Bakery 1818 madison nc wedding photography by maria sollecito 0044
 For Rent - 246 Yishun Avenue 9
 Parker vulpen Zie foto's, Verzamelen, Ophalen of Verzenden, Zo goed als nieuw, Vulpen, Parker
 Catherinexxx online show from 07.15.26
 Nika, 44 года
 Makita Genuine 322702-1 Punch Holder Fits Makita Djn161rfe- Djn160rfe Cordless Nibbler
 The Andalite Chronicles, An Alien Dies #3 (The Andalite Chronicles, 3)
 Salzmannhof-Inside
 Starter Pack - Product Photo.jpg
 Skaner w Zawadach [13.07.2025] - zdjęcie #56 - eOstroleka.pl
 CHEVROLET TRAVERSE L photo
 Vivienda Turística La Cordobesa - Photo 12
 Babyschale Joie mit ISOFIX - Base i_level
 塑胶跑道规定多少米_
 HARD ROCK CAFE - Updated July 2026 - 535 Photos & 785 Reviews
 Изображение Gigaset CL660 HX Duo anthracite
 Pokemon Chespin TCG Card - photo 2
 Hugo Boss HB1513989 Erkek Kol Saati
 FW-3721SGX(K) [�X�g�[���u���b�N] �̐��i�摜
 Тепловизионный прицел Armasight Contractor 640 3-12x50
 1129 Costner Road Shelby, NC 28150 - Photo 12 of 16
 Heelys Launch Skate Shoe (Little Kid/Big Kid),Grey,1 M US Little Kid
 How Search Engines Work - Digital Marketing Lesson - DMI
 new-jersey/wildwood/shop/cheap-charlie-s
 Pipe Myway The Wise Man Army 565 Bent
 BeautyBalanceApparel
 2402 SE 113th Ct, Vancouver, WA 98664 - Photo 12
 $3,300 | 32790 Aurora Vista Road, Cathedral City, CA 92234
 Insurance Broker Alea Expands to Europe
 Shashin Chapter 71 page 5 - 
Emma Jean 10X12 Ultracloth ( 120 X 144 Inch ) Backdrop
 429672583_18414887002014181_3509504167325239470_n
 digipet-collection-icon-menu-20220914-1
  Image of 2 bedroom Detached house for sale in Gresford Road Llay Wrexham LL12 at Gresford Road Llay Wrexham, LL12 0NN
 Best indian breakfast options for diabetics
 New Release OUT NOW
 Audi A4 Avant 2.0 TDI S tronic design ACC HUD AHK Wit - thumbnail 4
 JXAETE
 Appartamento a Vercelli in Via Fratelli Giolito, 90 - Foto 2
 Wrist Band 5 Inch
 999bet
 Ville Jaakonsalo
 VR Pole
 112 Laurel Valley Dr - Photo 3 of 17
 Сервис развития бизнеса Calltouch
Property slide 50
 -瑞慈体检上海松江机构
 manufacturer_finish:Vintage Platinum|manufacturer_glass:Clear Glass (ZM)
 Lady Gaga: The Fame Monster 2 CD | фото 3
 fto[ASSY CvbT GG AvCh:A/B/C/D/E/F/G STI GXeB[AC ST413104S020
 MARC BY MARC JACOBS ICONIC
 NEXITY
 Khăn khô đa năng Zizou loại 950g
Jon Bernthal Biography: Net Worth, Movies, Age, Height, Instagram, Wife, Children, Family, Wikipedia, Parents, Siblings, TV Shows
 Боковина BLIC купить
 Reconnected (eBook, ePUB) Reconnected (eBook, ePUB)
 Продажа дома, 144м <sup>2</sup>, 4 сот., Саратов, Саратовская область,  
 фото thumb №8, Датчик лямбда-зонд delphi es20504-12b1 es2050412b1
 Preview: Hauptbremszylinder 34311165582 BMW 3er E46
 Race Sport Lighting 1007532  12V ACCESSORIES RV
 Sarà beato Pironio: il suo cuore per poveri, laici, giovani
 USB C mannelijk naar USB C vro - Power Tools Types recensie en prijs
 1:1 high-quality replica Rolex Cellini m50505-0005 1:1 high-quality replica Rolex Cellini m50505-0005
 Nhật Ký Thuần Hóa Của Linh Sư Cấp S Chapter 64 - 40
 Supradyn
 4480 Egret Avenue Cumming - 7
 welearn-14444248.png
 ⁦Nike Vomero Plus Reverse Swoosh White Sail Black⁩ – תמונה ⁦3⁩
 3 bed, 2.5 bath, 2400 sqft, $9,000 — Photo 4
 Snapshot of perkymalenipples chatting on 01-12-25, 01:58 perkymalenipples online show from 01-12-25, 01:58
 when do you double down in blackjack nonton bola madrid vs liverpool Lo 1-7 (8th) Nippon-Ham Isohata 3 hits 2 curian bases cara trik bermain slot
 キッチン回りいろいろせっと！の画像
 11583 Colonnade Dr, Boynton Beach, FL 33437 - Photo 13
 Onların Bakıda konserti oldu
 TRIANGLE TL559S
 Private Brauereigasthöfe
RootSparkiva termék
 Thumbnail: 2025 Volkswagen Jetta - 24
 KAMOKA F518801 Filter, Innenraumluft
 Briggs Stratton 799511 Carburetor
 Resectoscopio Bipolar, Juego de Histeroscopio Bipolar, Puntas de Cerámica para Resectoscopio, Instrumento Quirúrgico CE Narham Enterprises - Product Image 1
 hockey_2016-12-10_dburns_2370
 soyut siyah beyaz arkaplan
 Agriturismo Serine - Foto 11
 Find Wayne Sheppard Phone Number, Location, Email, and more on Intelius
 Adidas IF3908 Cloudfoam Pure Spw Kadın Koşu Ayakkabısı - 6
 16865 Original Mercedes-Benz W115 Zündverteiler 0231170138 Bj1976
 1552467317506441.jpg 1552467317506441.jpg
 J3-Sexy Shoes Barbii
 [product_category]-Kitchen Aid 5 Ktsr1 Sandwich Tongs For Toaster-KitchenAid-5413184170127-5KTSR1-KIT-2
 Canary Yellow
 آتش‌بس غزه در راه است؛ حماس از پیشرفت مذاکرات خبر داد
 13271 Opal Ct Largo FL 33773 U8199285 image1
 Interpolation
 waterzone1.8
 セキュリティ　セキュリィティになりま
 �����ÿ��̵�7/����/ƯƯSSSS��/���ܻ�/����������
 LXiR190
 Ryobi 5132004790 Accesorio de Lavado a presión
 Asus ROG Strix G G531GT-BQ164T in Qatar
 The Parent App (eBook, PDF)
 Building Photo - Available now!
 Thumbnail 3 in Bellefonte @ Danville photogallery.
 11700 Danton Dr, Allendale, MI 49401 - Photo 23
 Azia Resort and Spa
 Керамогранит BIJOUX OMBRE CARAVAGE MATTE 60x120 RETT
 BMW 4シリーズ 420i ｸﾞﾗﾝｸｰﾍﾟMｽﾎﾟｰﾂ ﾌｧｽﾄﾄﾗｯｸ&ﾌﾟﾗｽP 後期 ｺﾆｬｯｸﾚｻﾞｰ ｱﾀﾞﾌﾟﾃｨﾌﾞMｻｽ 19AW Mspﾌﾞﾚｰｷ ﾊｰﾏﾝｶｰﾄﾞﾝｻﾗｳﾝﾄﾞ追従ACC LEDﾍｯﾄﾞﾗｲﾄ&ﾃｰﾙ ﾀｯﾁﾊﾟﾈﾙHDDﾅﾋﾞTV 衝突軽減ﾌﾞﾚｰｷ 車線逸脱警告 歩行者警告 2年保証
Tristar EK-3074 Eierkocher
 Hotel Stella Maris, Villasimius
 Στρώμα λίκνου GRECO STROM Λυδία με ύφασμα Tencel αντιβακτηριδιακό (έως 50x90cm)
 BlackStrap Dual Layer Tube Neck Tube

..........

Line count for the word "Road": work out how many lines of the data above include it, and reply with that number alone.

• **RESPONSE BOX**: 3